‘Everything Sucks’ Delivers A High School Lesbian Love Story Set In The Nostalgic ’90s

· Updated on May 28, 2018

Everything Sucks is like a gayer and somehow nerdier version of Freaks & Geeks set in the ’90s. Now on Netflix, the show follows a group of misfit freshmen as they begin their journey through the nightmare that is high school in Boring, Oreg. Along the way, we are introduced to a bunch of cute kids and surprisingly likeable straight adults. Like Degrassi, some of the parents work at the school, and that’s the scenario for resident lesbian character Kate, whose father is the principal.

Kate (played by Peyton Kennedy) is the quiet and somewhat awkward camera person in Boring High’s A.V. Club. She wears flannel, she loves Tori Amos, she’s got a Jonathan Taylor Thomas poster on her wall and she parts her hair down the middle. She’s just about every teen lesbian growing up in ’90s America.

Luke (Jahi Winston) develops a crush on Kate right off the bat, and while he is plotting out different ways to make her his girlfriend, Kate is having the ultimate gay panic. She’s realizing she has a crush on Emaline (Sydney Sweeney), the leading lady of the school’s drama club.

When we first meet Emaline, she’s got a boyfriend, she’s beautiful, popular, and a little mean. She is exactly the girl I would have been in love with in high school.

I found myself experiencing gay panic of my own when I watched Emaline’s reaction to the discovery of Kate’s obvious attraction to her. In one early painful locker room scene, Emaline is exuberantly talking about her breasts with her friends, and poor gay Kate is trying very hard not to look. She’s caught doing exactly that and Emaline, in true mean girl fashion, approaches her, taunts her, and then proceeds to force Kate’s hand on her chest before quickly draws back, and announcing to the entire locker room that Kate has sexually assaulted her.

It all transgresses in the usual way–the old “dyke” written on the locker routine and so forth–but we’re soon rewarded with a refreshingly unexpected turn of events that makes Everything Sucks the coming out story lesbians can truly relate to.

Historically, TV lesbians and bisexual women are doomed from the beginning. (See: The OC, The 100, The Walking Dead, even The L Word), so to say I went into this show cautiously is an understatement. I was happy to be proven wrong. More than a few times, it would have been easy to make it about how it affected the young male protagonist to be rejected by a girl who prefers girls, but instead, the writers have given us a truly radical concept–an in-depth look at a young, happy lesbian who tells a boy she’s not interested and then moves on.

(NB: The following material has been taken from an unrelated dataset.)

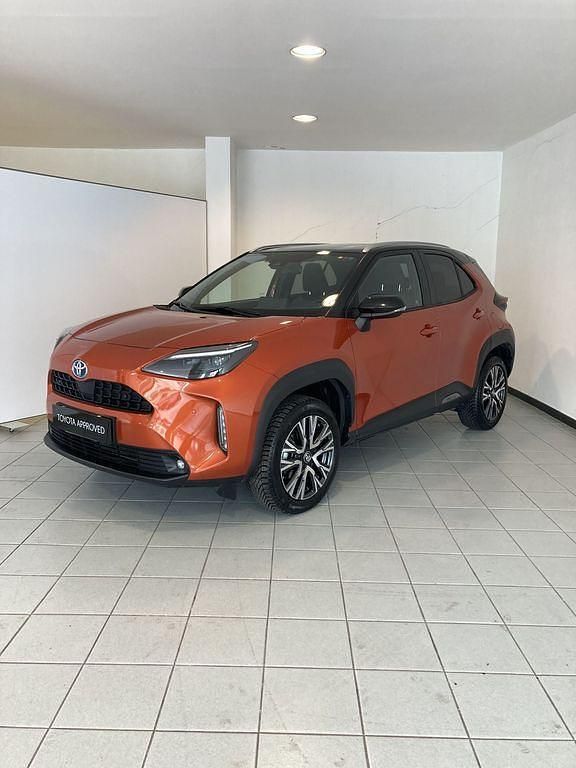 Usata Toyota Yaris Cross Trend 116 CV (85 kW) 2022 Rosso SUV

The reward is in that, after learning she’s gay, Kate isn’t left agonizing over it, which is groundbreaking in itself. But we also get an incredibly sweet love story that unfolds when Emaline finds herself suddenly single and, during an intimate moment in which Kate’s feelings are confirmed, her own interest in women–specifically Kate. Before that vulnerable moment, Emaline’s feelings had only been hinted at and layered under showy cruelty. Not ideal, but a truthful depiction of internal homophobia.

From this moment on we are treated to a story that isn’t about being gay and hating it; it isn’t about the straight girl falling for the gay girl or vise versa. It’s simply about two young people who like each other and decide they’re going to give it a shot.

In addition to the fairly uncomplicated lesbian love story, Everything Sucks gives us levity in the types of moments we don’t often get to see–from the horrifying experience of Kate caught almost masturbating to a nude magazine by her father (to which he promptly chalks up her oogling a naked woman to body issues), to the incredibly satisfying and relatable scene where Kate tears down all the posters of boys on her bedroom walls in order to replace them with those of women.

Kate’s story is handled with impressive sensitivity. The attention given to moments of quiet resonance that gradually evolve to that of discovery and self-acceptance are a real treat to watch, thanks in large part to Peyton Kennedy’s ability to convey so much while saying very little. It’s also a testament to the show’s integrity, for Everything Sucks to not be so in love with itself that it tries to teach the audience a lesson, or attempt to prove anything other than the normalcy by treating Kate like the other kids, and not like the token lesbian.

Show creators Ben Jones and Mike Mohan have gifted us the 90’s romcom every teenage lesbian was thirsty for but never got, dance and kiss to Duran Duran included. Truly, that is all any of us ever wanted in high school, because a private dance in an empty auditorium and a sweet make out sesh to “Ordinary World” is the gay equivalent to Jake and Samantha kissing to The Thompson Twins in Sixteen Candles. Happy binging.